Romans 14 concerns what we call "Christian Liberty". With an opening command "not to quarrel over opinions" (Rom 14:1), the discussion regards things not commanded and, therefore, basically a matter of opinion or personal conviction. For our world, the response is, "Yeah, live and let live. You should let me do what I want!" That is not the idea in Romans 14. The approach there is "decide never to put a stumbling block or hindrance in the way of a brother." (Rom 14:13) The approach there is "let us pursue what makes for peace and for mutual upbuilding." (Rom 14:19) That is, in matters of opinion, not only should we not be hastening to condemn others, but we should be limiting ourselves.

This is something of a reverse war. Instead of "I think the KJV is the only way to go and you are all pagans for denying it!" followed by "Only a fool would argue 'If it's good enough for Paul and Silas, it's good enough for me'!", you might see, "I think that the KJV is the best, but I couldn't imagine imposing that on you." with the response, "Oh, no, I prefer more modern translations, but if it is more edifying to you to read the KJV, I'll read that with you."

It works in lots of places. "I believe that the best church music is the old church music, but if you are best able to glorify God with newer instruments and tunes, who am I to say no?" "Oh, my, if my drums and musical style offend your more traditional worship style, I can't imagine using them to hinder your worship." A host of things. When I was growing up there were some who were offended by playing cards, dice, or even going to movies and others who were not. Today we would include vegetarianism and the like. I even know those today who believe it's a great sin to swim in "mixed company"--men and women together. Matters of opinion over which we could compete to favor others over ourselves.

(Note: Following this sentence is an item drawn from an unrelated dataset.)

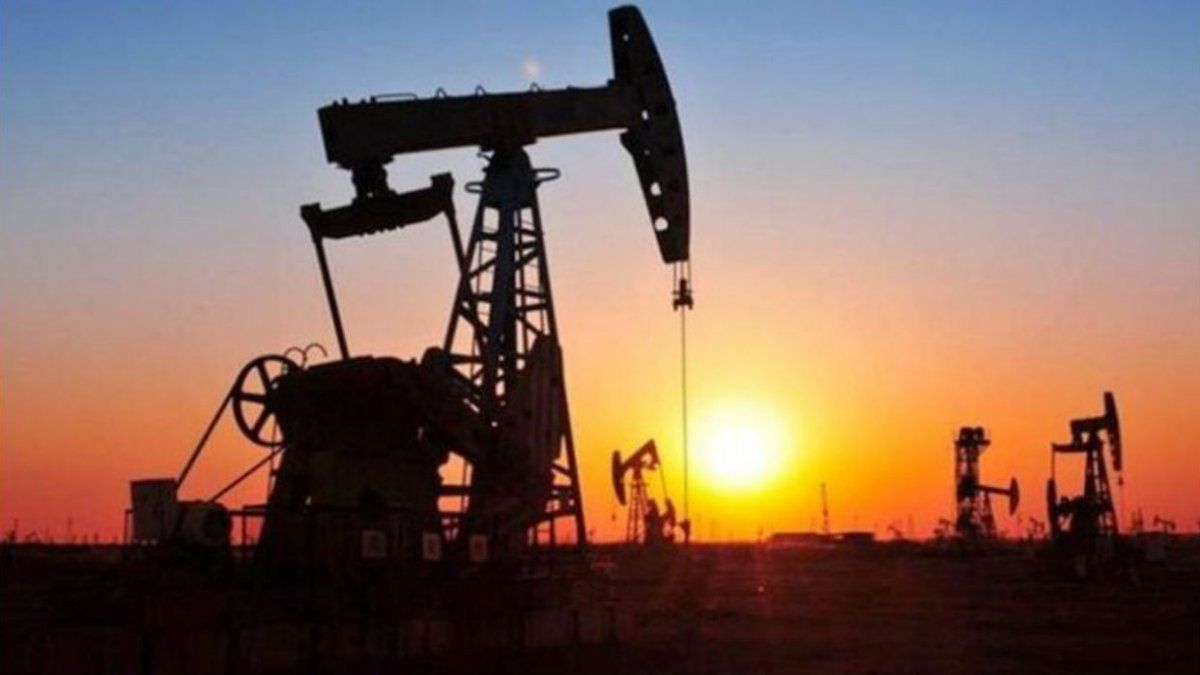 Descubren petróleo convencional en un área de Vaca Muerta en Malargüe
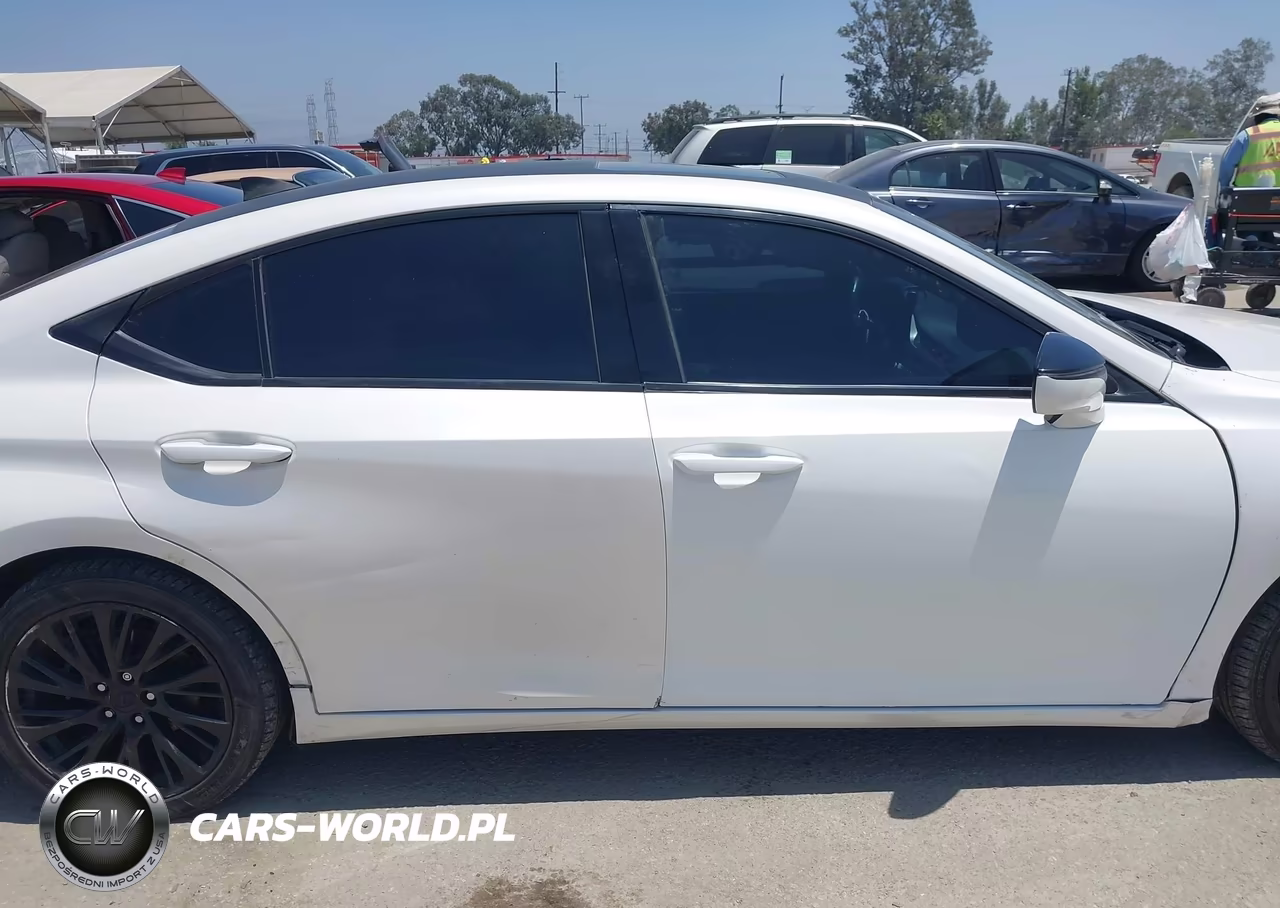 2021 Lexus Es 300H VIN:58ADA1C13MU005088 - 13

Mac and Tosh had an interesting approach. On matters of opinion and preference, "you first" is the first response. A genuine preferring of the other over self was the rule. It does not work in matters of clarity. "Well, the Bible clearly says that homosexual behavior is a sin, but I wouldn't want to offend you over that." No, that won't work. "I know that Jesus said He was the only way, but if that kind of exclusiveness is a problem for you, we can just assume that all roads lead to God." That isn't going to fly. But I think it would be amazing if, in matters of preference or opinion not clearly described in Scripture, we could wage reverse war, so to speak, seeking to "outdo one another in showing honor" (Rom 12:10). Seems somewhat "Bibley" to me. Of course, the trick is finding out what Scripture really says. Maybe being biblical is just too much work? That can't be good.